Reproduce the data exactly as given, except for any images.
::::::::::
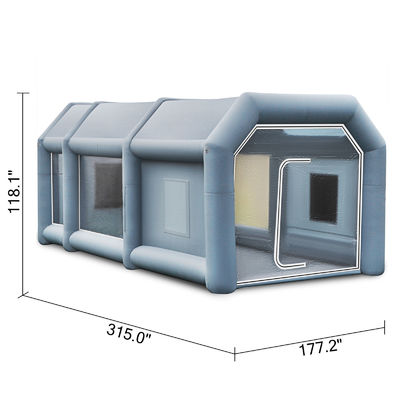 Acessórios de reparação de sopradores CE Tenda de carro inflável portátil para playground ao ar livre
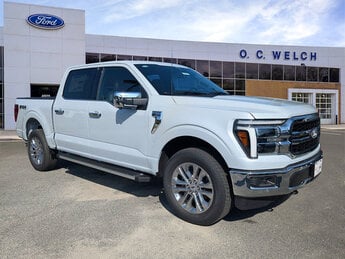 2025 Ford F-150 LARIAT 4X4 Truck Automatic Regular Unleaded V6 3.5 L EcoBoost Engine 4 Door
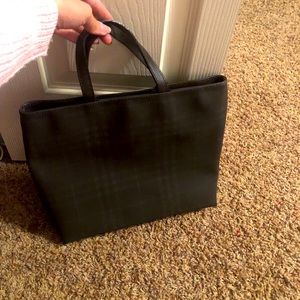 Authentic Burberry tote Christmas 🎄🎁 SALE!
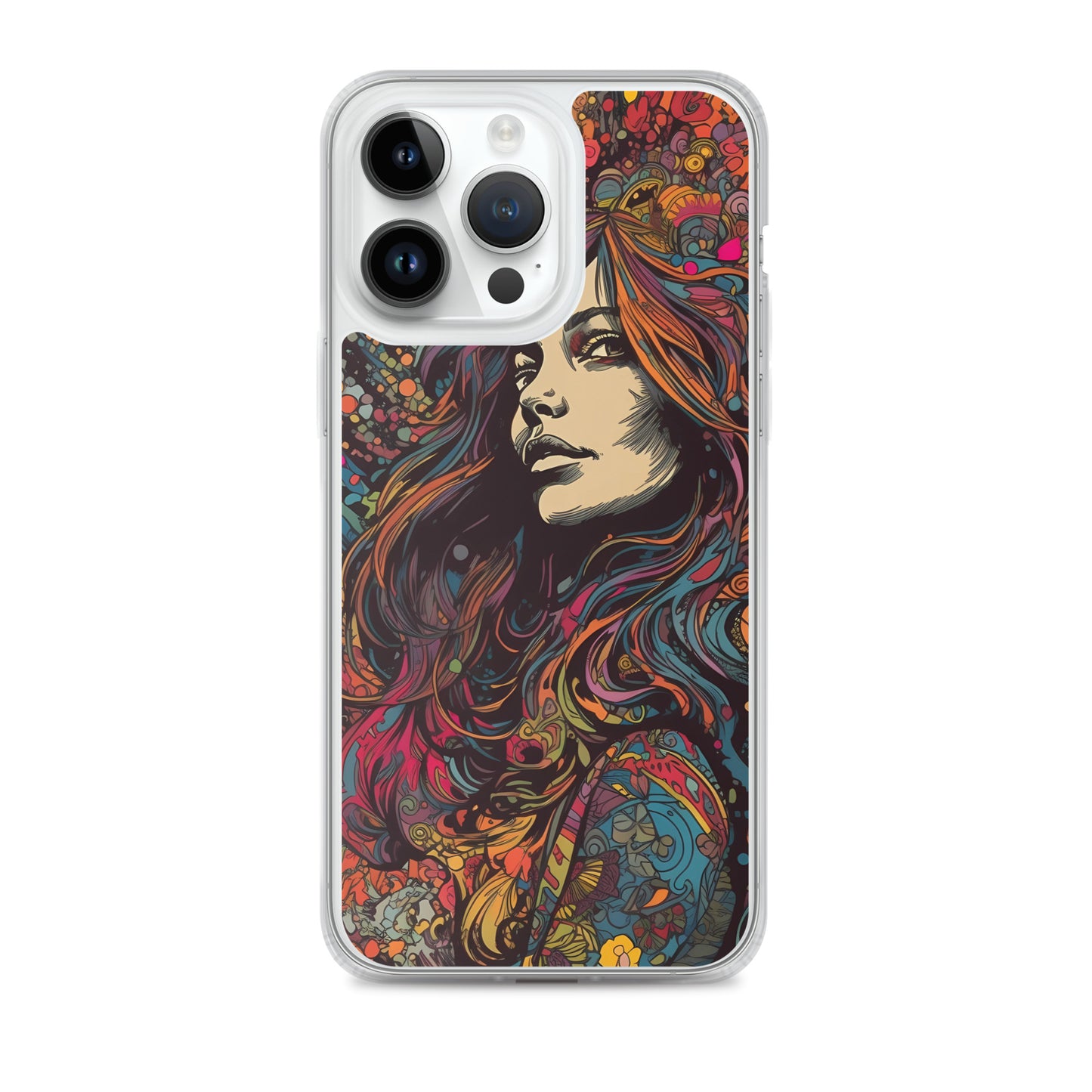 iPhone Case - Psychedelic Flora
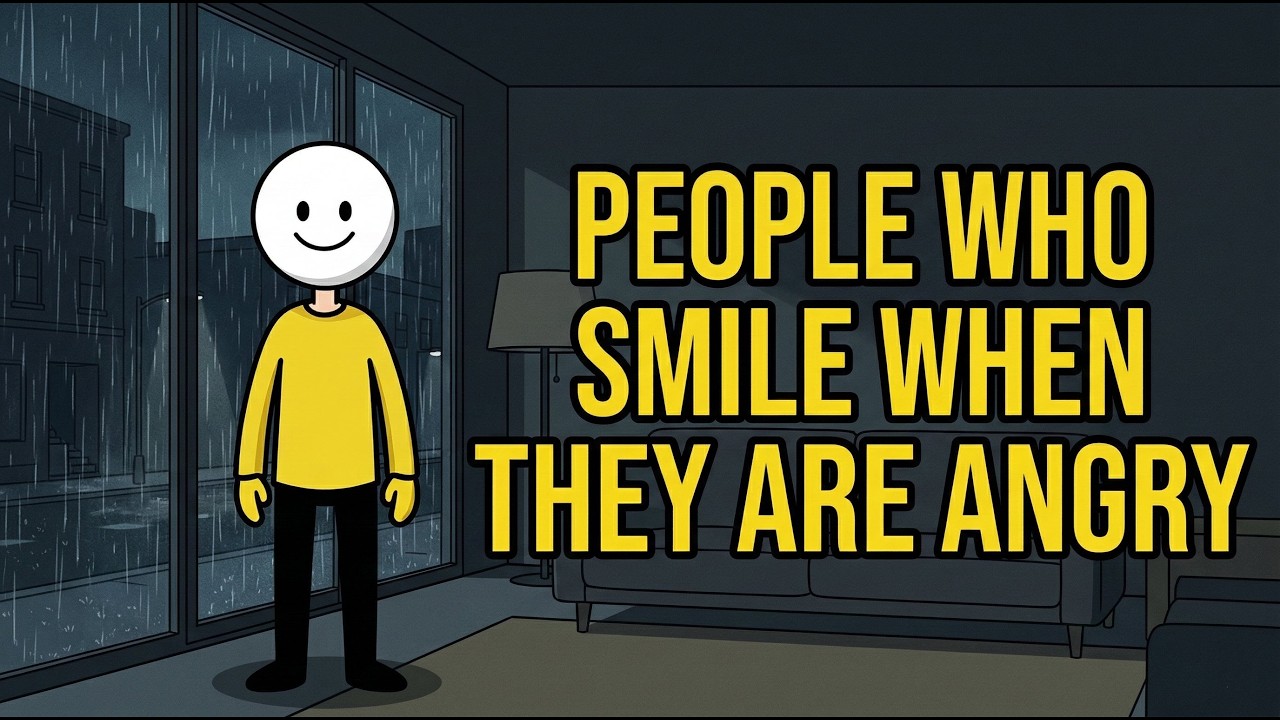 The Psychology of People Who Smile When They Are Angry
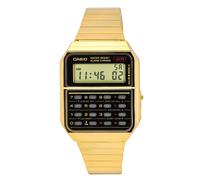 Casio Vintage Digitale Calcolatrice Acciaio Inossidabile CA-500WEG-1A Orologio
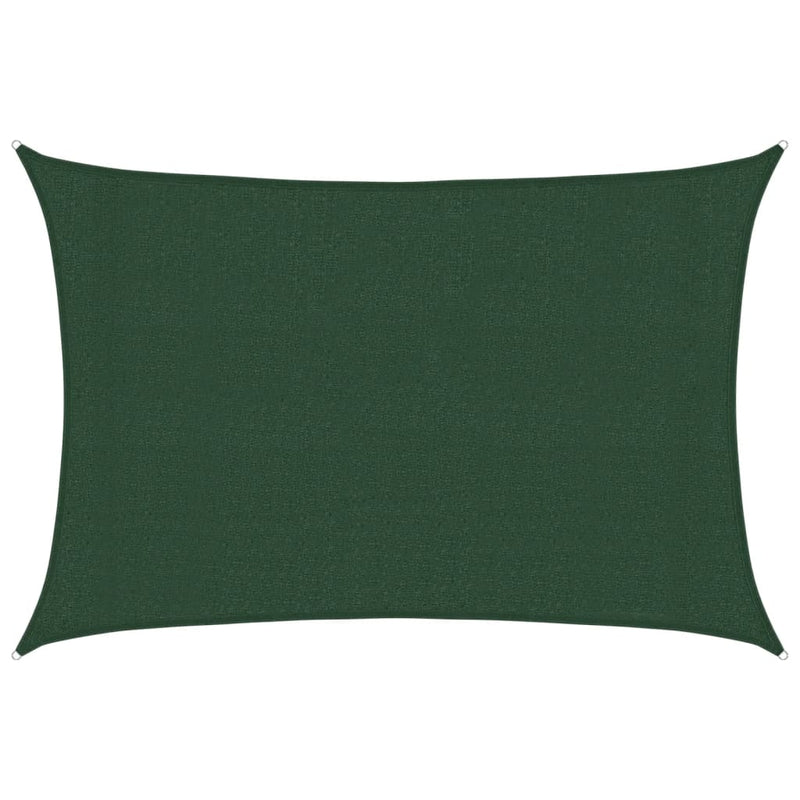 Load image into Gallery viewer, Vidaxl zonnezeil 160 g m² 3x4 m hdpe donkergroen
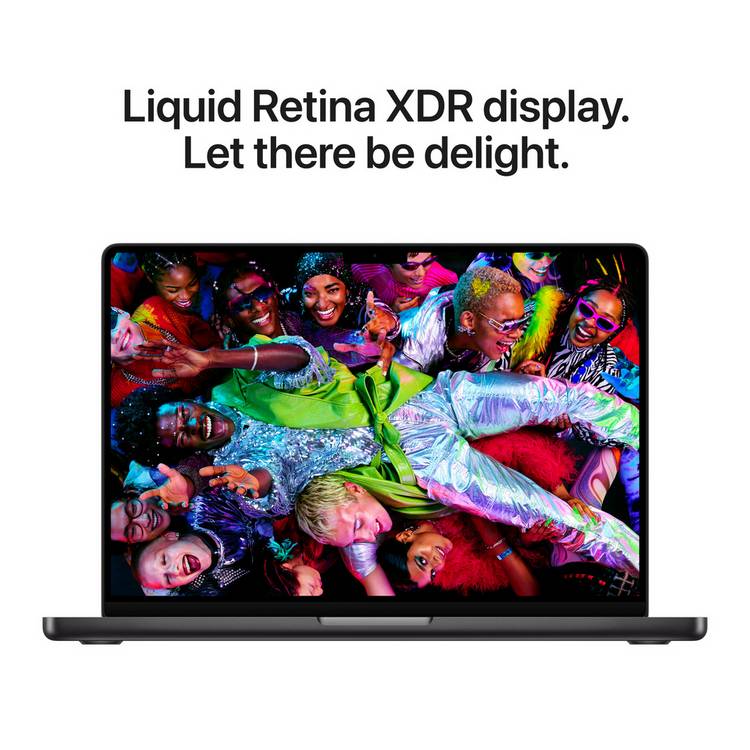 Apple MacBook Pro 14in M5 Pro 24GB 1TB space black, UK version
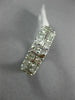 ANTIQUE 2.34CT OLD MINE DIAMOND PLATINUM ETERNITY WEDDING ANNIVERSARY RING 18245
::::::::::
> [COMPLETED EXERCISE]
 Acessórios de reparação de sopradores CE Tenda de carro inflável portátil para playground ao ar livre
 2025 Ford F-150 LARIAT 4X4 Truck Automatic Regular Unleaded V6 3.5 L EcoBoost Engine 4 Door
 Authentic Burberry tote Christmas 🎄🎁 SALE!
 iPhone Case - Psychedelic Flora
 The Psychology of People Who Smile When They Are Angry
 Casio Vintage Digitale Calcolatrice Acciaio Inossidabile CA-500WEG-1A Orologio
 Load image into Gallery viewer, Vidaxl zonnezeil 160 g m² 3x4 m hdpe donkergroen
 Apple MacBook Pro 14in M5 Pro 24GB 1TB space black, UK version
 ANTIQUE 2.34CT OLD MINE DIAMOND PLATINUM ETERNITY WEDDING ANNIVERSARY RING 18245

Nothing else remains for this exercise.